2017

“a” means I listened on audiobook; “p” means I read on paper.

I’ve been pretty terrible so far this year at translating my haphazard notes on each book into public summaries/thoughts, hence the bare list below. Possibly, hopefully, I’ll get around to this on some future weekend…

1. Something Fresh, P. G. Wodehouse (p)

2. Mindset, Carol Dweck (a)

3. The Path, Michael Puett and Christine Gross-Loh (p)

4. The Undoing Project, Michael Lewis (a)

5. The Pigeon Tunnel, John le Carré (a)

6. The Gene: An Intimate History, Siddhartha Mukherjee (a)

7. Harry Potter and the Cursed Child, Jack Thorne, J. K. Rowling, John Tiffany (p)

8. Nothing Is True and Everything Is Possible: The Surreal Heart of the New Russia, Peter Pomerantsev (a). Fun fact: I forgot I listened to this, and am adding it from the future in 2020 when a conversation reminded me.

9. The Third Reconstruction, William Barber II, Jonathan Wilson-Hartgrove (a)

10. Hunger, Knut Hamsun (p)

For some reason this book took me 6 months or more to read even though it’s short. I want to think it’s great, but I guess my behaviour suggests against.

11. Gut, Giulia Enders (a)

12. Close Range, Annie Proulx (p)

Loved this book. I’d read Brokeback Mountain before – the short story that finishes this collection – but not anything else by Annie Proulx. Brokeback Mountain itself is unbeatably good and impossibly sad, so I’d recommend at least reading that (here). Close Range is a collection of other short stories set in Wyoming, similarly bleak, all of which I enjoyed and some of which packed a real punch. Now I just have to make the trek to the Laramie mountains…

13. West with the Night, Beryl Markham (a)

14. Where I Was From, Joan Didion (a)

15. California, Kevin Starr (p)

I know so many California facts now. Ask me about California, I’m your guy.

16. All Out War, Tim Shipman (a)

This was 688 pages (or in my case 32 hours of audio) of pure political gossip about Brexit. I feel a bit guilty for listening to it all, since I’ve now spent more time listening to the gossip around Brexit than thinking carefully about Brexit. But it was pretty compelling gossip…

17. Onto the Next Dream, Paul Madonna (p)

18. Dispatches Against Displacement, James Tracy (p)

19. Evicted, Matthew Desmond (a)

20. Camino Island, John Grisham (a)

Full disclosure: I listened to this in a car driving through Oregon and Northern California, and fell asleep for ~an hour of it. I considered not putting it on the list as a result, but I think it just about counts as read since people filled me in on the bits I missed when I woke up.
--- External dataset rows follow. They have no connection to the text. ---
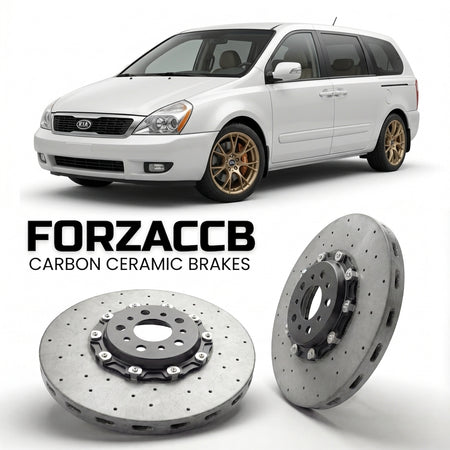 ForzaCCB direct OEM replacement carbon ceramic brake rotors for 2006 to 2010 Kia Carnival II models, shown with a white Kia Carnival car.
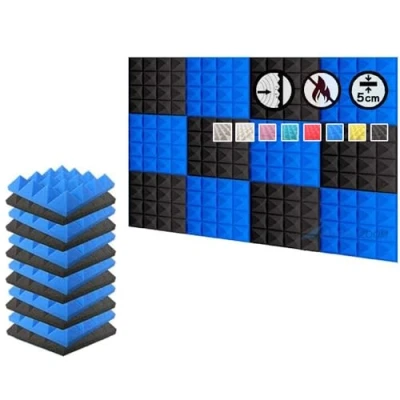 Imagen de Arrowzoom 12 Piezas Panels Acustico Absorcion Sonido Piramide 25x25x5cm Espuma Acustica Aislamiento de Grabacion Casas Estudios Azulejos Incombustibles Insonorizados AZ1034 AZUL &amp; NEGRO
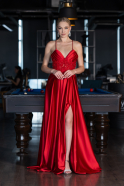 Red Strappy Long Satin Prom Gown ABU4133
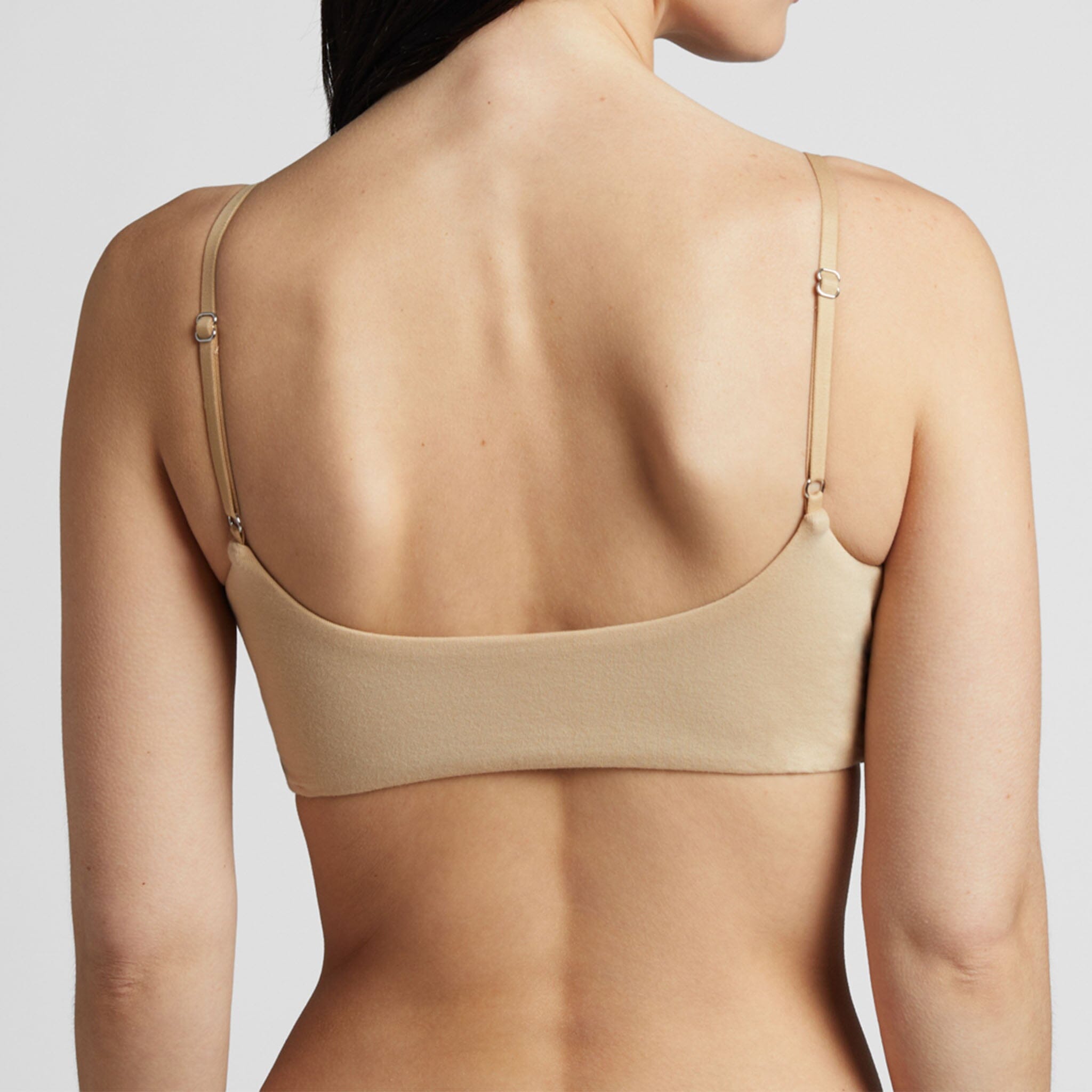 Synthetic Cotton padded Backless Bra - Cream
21. The Autobiography of Benjamin Franklin, Benjamin Franklin (a)

I’m planning to steal Franklin’s method of making virtues a habit over time, refitting his list of 13 virtues with my own since most of his seem pretty random to me. Mine will look pretty random in 291 years, but hey, better than nothing.

22. A Single Man, Christopher Isherwood (p)

23. The Day of the Locust, Nathanael Wood (p)

This novel was written in the 1930s about Hollywood, but reminded me in all sorts of ways of the film mother! – which, incidentally, is one of my favourite recent films.

24. Just A Few Notes, Ken Fitt (p)

25. Life & Times of Michael K, J. M. Coetzee (p)

26. Anathem, Neal Stephenson (p)

What an incredible, incredible book. My heart sings for it. I first came across Anathem ~5 years ago when I was studying philosophy and have wanted to read it since. I didn’t get around to it until now in part because it clocks in at 932 pages, which in most cases is unforgivable. In this case I totally forgive it. Whewph was it worth it.

Anathem is a science fiction novel that manages to discuss many fundamental questions of philosophy and physics in ways that are deeply well thought out, interesting, and actually serve the plot. It’s a miracle of a novel in that sense, since part of me wants to curl up and read about philosophy and physics in a dramatically compelling way forever. If that sounds appealing to you, then I recommend this book with highest praise; if not, definitely not, as it’s 932 bloody pages.